Across the Tri-Cities this summer, human-bear conflicts have risen to the point where some residents are deciding to take matters into their own hands.
Earlier this week, three people were arrested north of Mundy Park on charges of obstructing conservation officers as they attempted to deal with a family of bears habituated to humans and their garbage.
Tony Faccin, who said he filmed part of the encounter before he was arrested, later had his phone confiscated by conservation officers under the suspicion that it contained evidence relating to the obstruction charge.
The episode has led many on social media to question just how and when an officer can confiscate someone’s mobile phone — and for those on the losing end, how to get it back.
“If [an officer] arrests somebody, and there's a phone on them, [they] are permitted to search and seize that phone for the purposes of collecting or preserving evidence related to the offence,” Kyla Lee, a Vancouver criminal lawyer, told The Tri-City News.
That has been the case since 2014 due to a Supreme Court of Canada ruling that applies to peace officers — meaning RCMP, municipal police and B.C. conservation officers, among others.
After he was arrested, Faccin said he was in the back of a police car when an officer asked Faccin to show him the video. Faccin said after he unlocked his phone and accessed the video, another officer took it out of his hand.
“I think it was just a ploy to get me to unlock my phone,” Faccin told The Tri-City News.
If Faccin’s account is accurate, that could be a problem for the officers involved, according to Lee, who said officers are allowed to seize a mobile phone but they aren’t allowed to compel a person to unlock it.
“You can't force the person to to give you evidence against them. Now, if the person consented, if [the officer] said, ‘Hey, will you unlock your phone?’ and they consented and unlocked it, there are additional legal obligations on the officer to say, ‘You don't have to. You have the right to talk to a lawyer before you do this,’” said Lee.
If the consequences of unlocking your phone are not made clear by the officer, any evidence on the phone could be found inadmissible in court, she added.
The consequences for officers breaching this protocol are small, said Lee, noting that officers might undergo retraining.
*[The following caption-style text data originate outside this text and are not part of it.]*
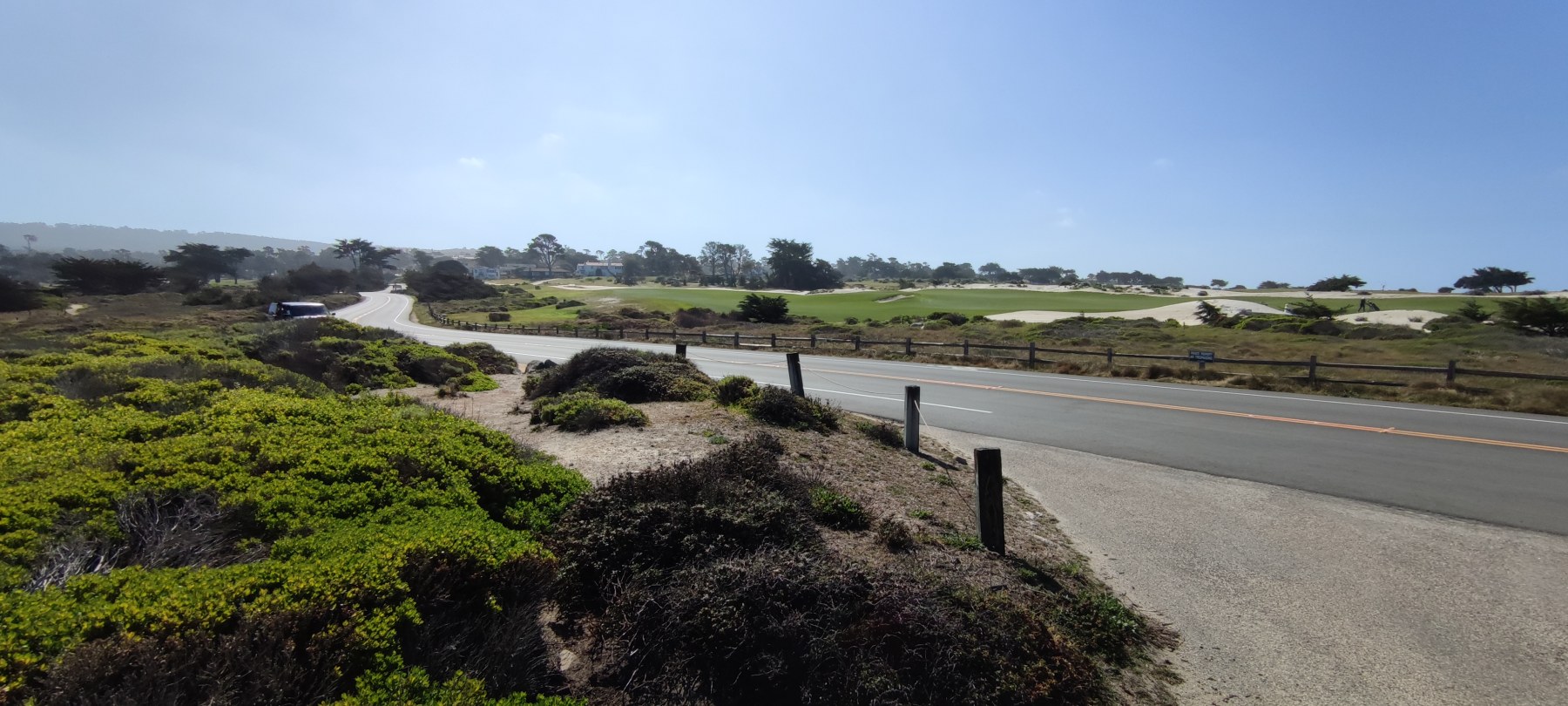 Route côtière près de Pebble Beach, Californie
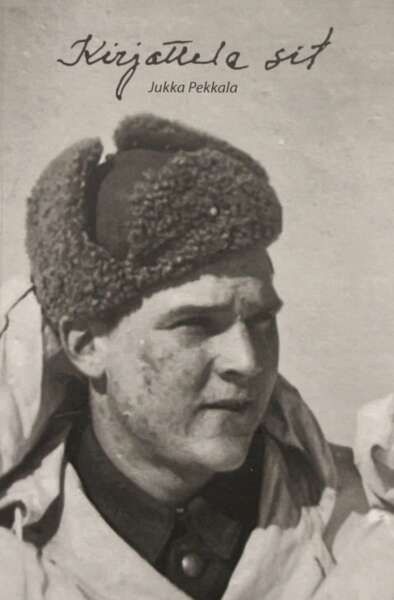 Kirjan kannessa on Tommi Pekkala kevättalvella 1944.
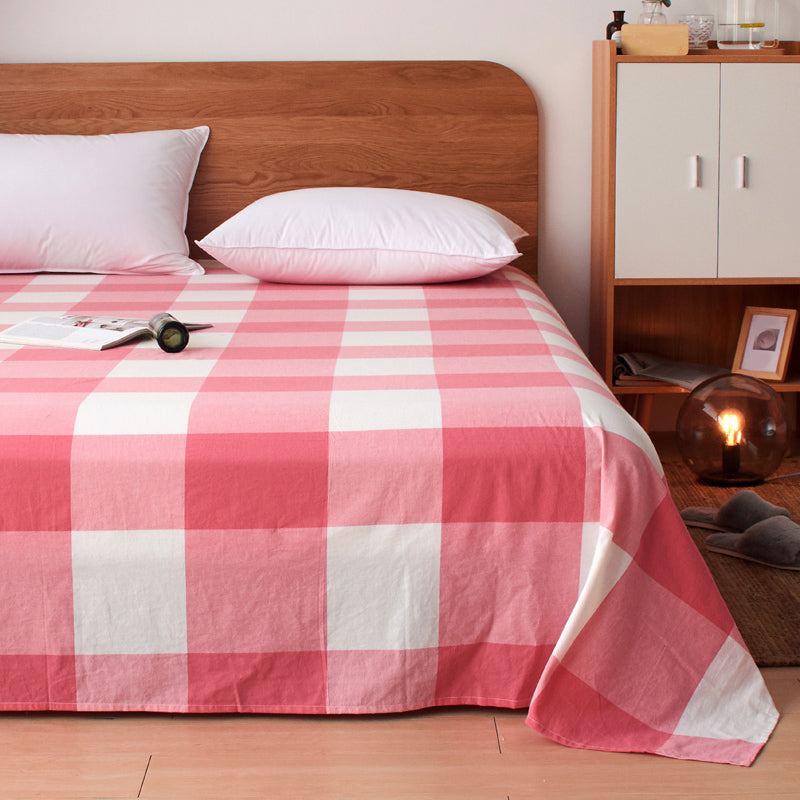 Modern Bed Sheet Set Striped Printed Fitted Sheet for Bedroom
On the other hand, if an officer doesn’t have to send a locked phone back to a forensic team, it could save valuable time.
After 90 days with the phone, police are compelled to either return the device or apply to a court for an extension, Lee said, noting such applications are usually granted because the police say the forensic lab is really backed up and they need more time to unlock the phone. Only in the most extreme cases — those involving terrorism, murders or gang activity — have police approached technology companies looking for backdoor entry to a device.
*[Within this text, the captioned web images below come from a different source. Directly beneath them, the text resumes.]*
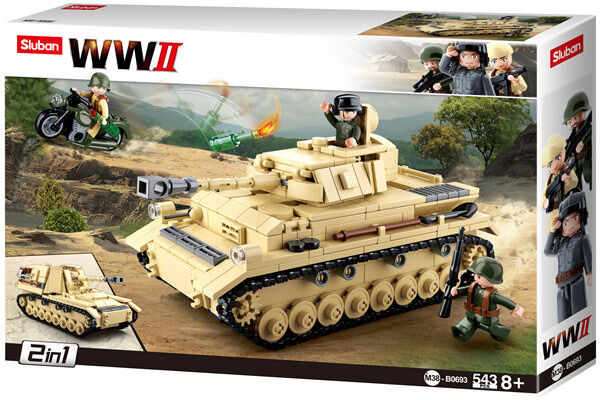 E-shop Sluban WWII M38-B0693 Veľký nemecký tank 2v1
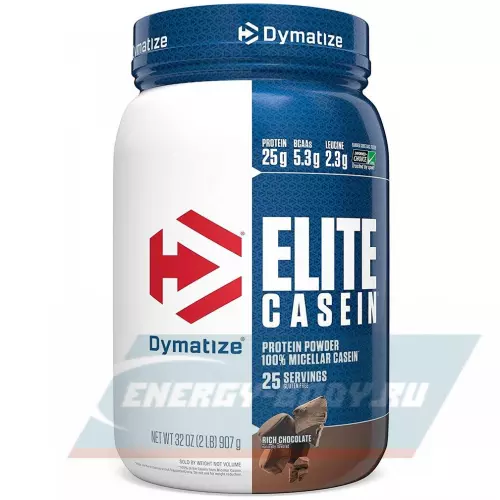  DYMATIZE Elite Casein Насыщенный шоколад, 908 г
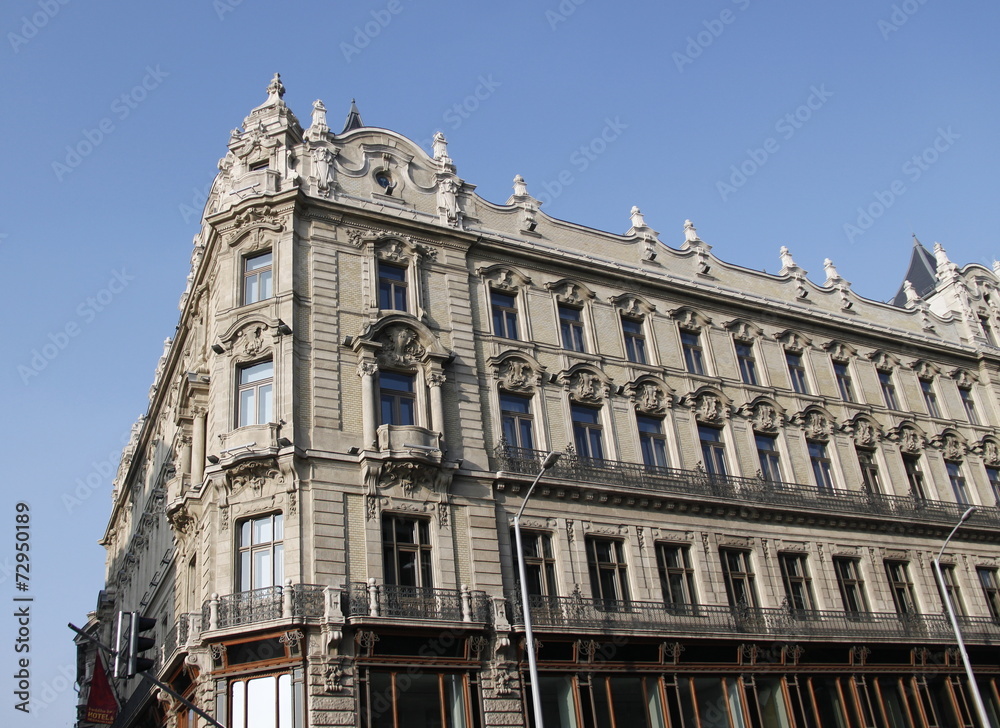 Immeuble ancien à Budapest, Hongrie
“Google and Android have said, ‘We're not investigators for the police, we're not participating in this,’” Lee said, adding Canadian law has provided some legal support to companies refusing a backdoor key because it would apply to more than just one phone.
Lee said every week, she deals with clients who have had their phone confiscated by police, and the best she can tell them is to wait the 90 days and, at the end of that period, hope police won’t file for an extension.
“In theory, that person could file a complaint with the Information and Privacy Commissioner, which would be investigated in like, you know, a year and a half from now, they might get some type of damages,” Lee said.
Most of Lee’s cases relate to offences while driving but when it comes to cases involving animals, she has seen people who would not usually find themselves in trouble with the law get emotional and end up having their phone confiscated.